Copyright on the Python and Python-console icons?

Tim Peters tim.one at comcast.net
Thu Jan 16 05:26:23 CET 2003


[Tim Peters]
> Whether any entity in the US apart from the government can
> meaningfully put something in the public domain appears to have
> the legal answer "no", according to one US lawyer who researched
> the issue.  Businesses and individuals supposedly can't disclaim
> copyright (the meaning of "public domain" -- nobody holds copyright)
> even if they want to.

[Erik Max Francis]
> Uh, where in the world do you get this idea?

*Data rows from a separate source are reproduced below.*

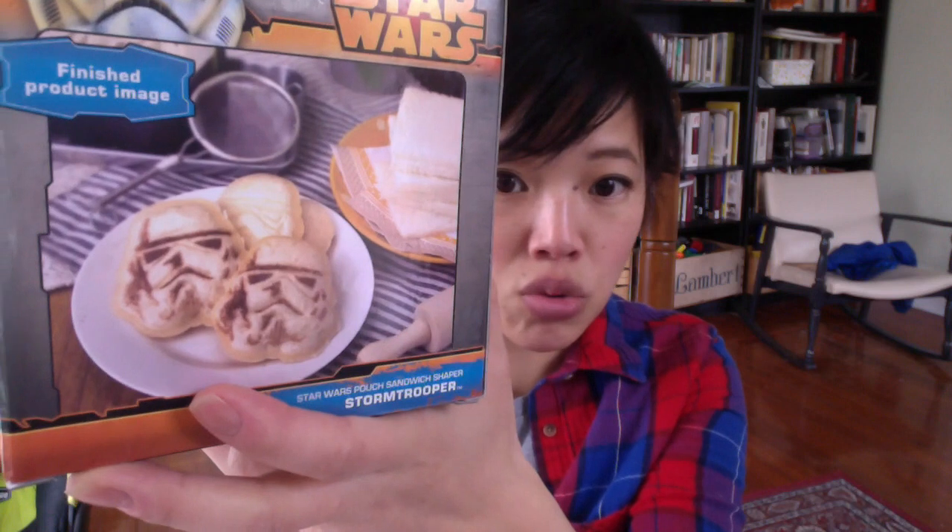And what is this, you say? Well, it's a Star Wars pouch sandwich shaper stormtrooper. And this is an example of what it does. Basically, it makes a crustless sandwich that you can fill with whatever you like. Just use any ordinary sandwich bread and it will cut it and shape it into the head of a stormtrooper. All right, so let's go in the kitchen and I will show you how this works.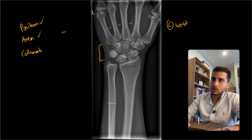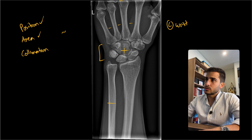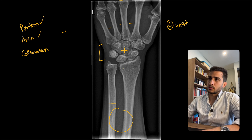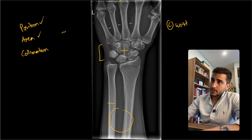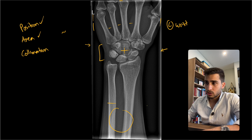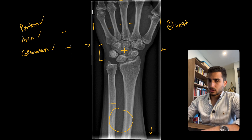Next is collimation. The center of the wrist joint should be at the carpal bones, but in this case it seems like it's including a little bit more of the radius and ulna, potentially because that's where the pain was. So centering could be improved and therefore the collimation could have been improved as well. On the sides, however, it's quite tight. We can see that silver lining effect on all four corners, which means this was the actual collimation used and not post-processed.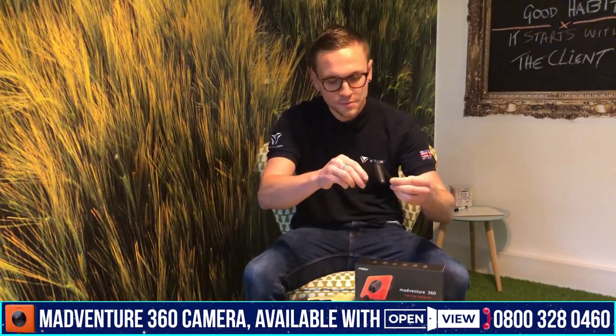So let's have a look at what we've got in the box today. Starting off, we've got the very important 360 camera itself, nice and small in size. We've also got a little tripod so you can mount it on a table to get the best angle, and we've got a selfie stick as well for those of you that like to take selfies.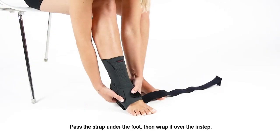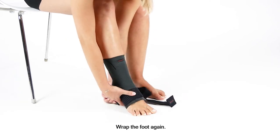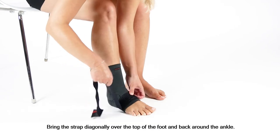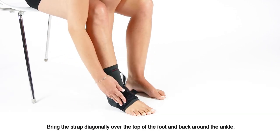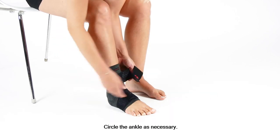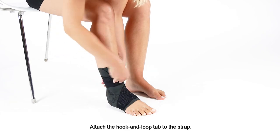Pass the strap under the foot, then wrap it over the instep. Wrap the foot again. Bring the strap diagonally over the top of the foot and back around the ankle. Circle the ankle as necessary, then attach the hook and loop tab to the strap.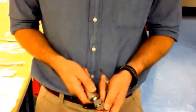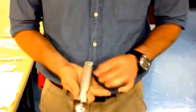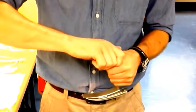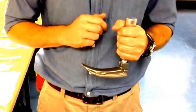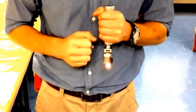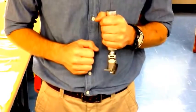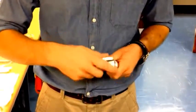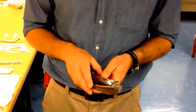Take your laryngoscope and blade and assemble it in the correct manner. Ensure that it works in the position of use which is upside down. The butt cap should be firmly attached and there should be no battery play inside. The light should be functioning even when the blade is stressed. Make sure that there's no jiggle or free play in the blade and ensure that the bulb itself is tightly screwed in and not jiggling about. Your laryngoscope is now checked and ready for use.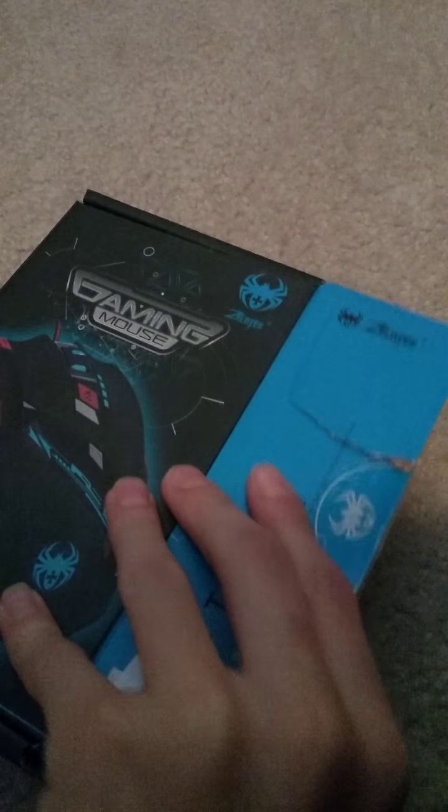It's already been opened by the way, so this is actually what it's like when it's been opened. Obviously you're going to be having to cut some tape right here and here. Let's see — this is the mouse.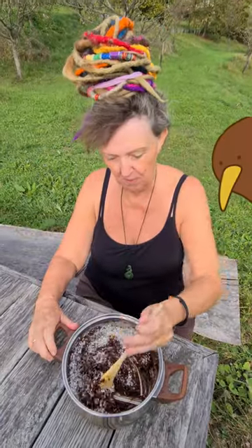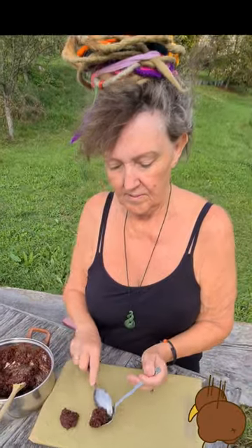Add a cup of coconut and stir well. Drop it in spoons on baking paper. Oh, that smells chocolatey.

Which one?  The definition of public domain is conventional.  The rest is
from private communication with a Famous IP Lawyer during Python's licensing
struggles, and I don't have permission to repeat that here.  Talk to a
lawyer if you care a lot:  it's a question of law, with lots of arguments on
both sides.  Creative Commons is on the "sure you can" side of it:

 http://creativecommons.org/

Lawrence Rosen (the Open Source Initiative's lawyer) is on the "not a
chance" side of it; e.g.,

 http://www.mail-archive.com/license-discuss@opensource.org/msg03380.html

An insufferably long scholarly piece arguing all sides:

 http://www.nyls.edu/samuels/copyright/beyond/articles/public.html

Alas, it isn't open to Usenet debate, so I'm out of this now <wink>.